DATA FOR ANALYSIS: Begin

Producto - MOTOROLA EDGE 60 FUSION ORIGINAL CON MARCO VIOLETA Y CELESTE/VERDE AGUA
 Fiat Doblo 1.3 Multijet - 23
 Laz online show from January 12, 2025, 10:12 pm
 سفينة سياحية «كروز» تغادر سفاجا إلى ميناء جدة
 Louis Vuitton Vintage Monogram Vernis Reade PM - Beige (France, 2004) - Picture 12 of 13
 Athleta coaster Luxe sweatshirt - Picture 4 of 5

DATA FOR ANALYSIS: End

__EXERCISE DETAILS__: Retrieve every line above holding the word "Picture".

__OUTPUT FOR THIS TASK__:
 Louis Vuitton Vintage Monogram Vernis Reade PM - Beige (France, 2004) - Picture 12 of 13
 Athleta coaster Luxe sweatshirt - Picture 4 of 5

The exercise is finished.